One of the main research interests of the experimental team is to utilize the atomic Faraday effect to measure properties of our atomic clouds. In recent work we have built a magnetometer capable of measuring magnetic fields to the precision of 2 nT. Taking into the cycle time of the experiment of about 30 s, the sensitivity of our magnetometer amounts to 12 nT/sqrt(Hz).
Jacob Sherson and Aske Thorsen flew all the way to Austin, Texas to participate in the National Instruments Week at beginning of August 2016, and display the capabilities of our remote experiment interface. See here: youtu.be/tQpSOZvrBAc.
Jens Schultz Laustsen joins the group as a PhD on the 1st of August 2016. Jens is familiar to us, as he did his Bachelors project with us last summer. Big welcome to Jens.
We said farewell to our postdoc Mario Napolitano who left on the 31st of July 2016. Thanks for fantastic 2 years, and good luck in future work!
On the 11th of July we just submitted a preprint on the ArXiv of our new paper Measurement-enhanced determination of BEC phase diagrams. Find out how to utilize Faraday imaging, to enhance the performance of your ultracold atoms experiment, here: http://arxiv.org/abs/1607.02934.
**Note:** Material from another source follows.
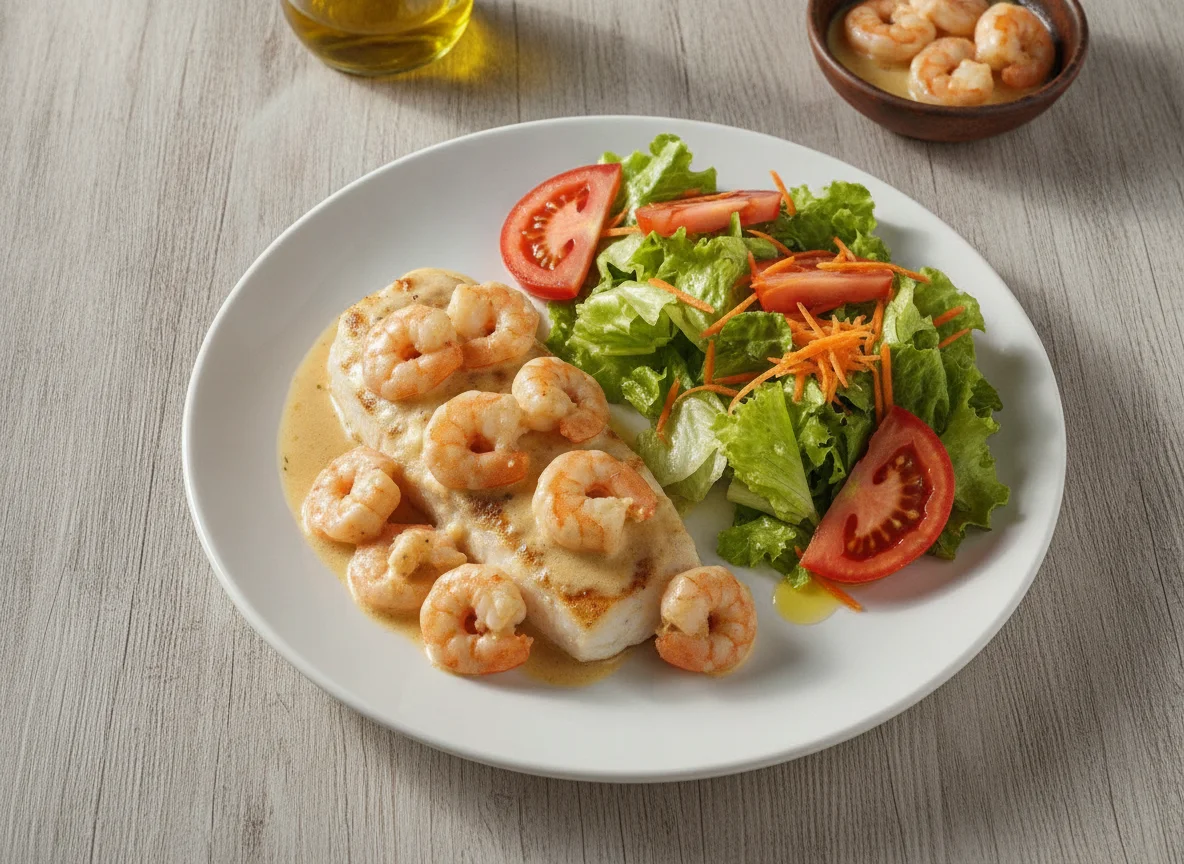 Peixe grelhado com molho de camarão e salada mista photo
Over the summer, optimal control experts; an experimentalist, and a young student have had remote access to our experiment in order to create as large BECs as possible. Stay tuned for the exciting results.
We observed Larmor precession of atoms in the lab on the 23rd of June. Our atoms are magnetized, and when they are abruptly exposed to a magnetic field, pointing in a different direction than their magnetization, the start rotating around this external field. This effect can be used to measure magnetic fields very precisely.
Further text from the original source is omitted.